Ars Technica rates 20 time travel movies by entertainment and scientific plausibility.

What modern science has to say about time travel can be summed up thusly: You can travel to the future, but you probably can’t travel to the past, although to be honest, we’re not really sure.

Their list includes a personal favorite of mine: “Time After Time” (1979), starring Malcolm McDowell as time-traveling H.G. Wells, Mary Steenburgen as his plucky feminist 1970s galpal and David Warner as Jack the Ripper.

The IMDB trivia page for “Time After Time” does not disappoint.

All four of the real H.G. Wells’ children were still alive at the time of this film’s release.

Malcolm McDowell listened to recordings of H.G. Wells to prepare for the role. According to him, Wells’ voice was high-pitched and Cockney-accented, so he decided not to imitate

The movie’s title inspired Cyndi Lauper’s song “Time After Time”, when in 1983 she browsed through a copy of TV Guide for “imaginary song titles”.

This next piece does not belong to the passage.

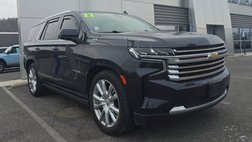 2022 Chevrolet Tahoe High Country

A deleted scene featured Wells meeting a punk who was playing extremely loud boom-box music on a bus in San Francisco. [Director] Nicholas Meyer later reused this idea in Star Trek IV: The Voyage Home (1986).

Much of the action of “Time After Time” takes place in the Hyatt Regency San Francisco, as do a few scenes in Mel Brooks’ “High Anxiety.” I stayed in the same hotel in 2017; it hadn’t changed much, other than becoming deliciously dark and gloomy. A monument to 70s futurism.

One quibble with the Ars Technica list. Authors Jennifer Ouellette and Sean M. Carroll rightly praise the first Christoper Reeve “Superman,” including Gene Hackman’s “marvelous selection of outrageous wigs,” but add:

We’re knocking off a point for the cheesy “Read My Mind” spoken song as Superman takes Lois Lane (Margot Kidder) on a romantic flight over Metropolis, which has aged poorly.

No, that scene did not “age poorly.” It was always terrible. It was cringe in 1978 and it is cringe today.

Now I want to see “Superman” again, to enjoy Hackman, Ned Beatty and Valerie Perrine hamming it up as villains.